**WHAT IS BEING ASKED:**
From the line that includes "Zahrada ubytování 3" to the closing line of the data, please transcribe every line exactly and add nothing.

[GIVEN INFORMATION Boundary: Start]

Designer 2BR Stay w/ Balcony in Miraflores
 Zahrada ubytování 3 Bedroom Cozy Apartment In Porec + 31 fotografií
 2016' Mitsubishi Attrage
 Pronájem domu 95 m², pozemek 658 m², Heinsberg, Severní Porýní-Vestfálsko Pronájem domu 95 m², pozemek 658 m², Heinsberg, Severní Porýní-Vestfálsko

[GIVEN INFORMATION Boundary: End]

**ANSWER TO THE PROBLEM:**
 Zahrada ubytování 3 Bedroom Cozy Apartment In Porec + 31 fotografií
 2016' Mitsubishi Attrage
 Pronájem domu 95 m², pozemek 658 m², Heinsberg, Severní Porýní-Vestfálsko Pronájem domu 95 m², pozemek 658 m², Heinsberg, Severní Porýní-Vestfálsko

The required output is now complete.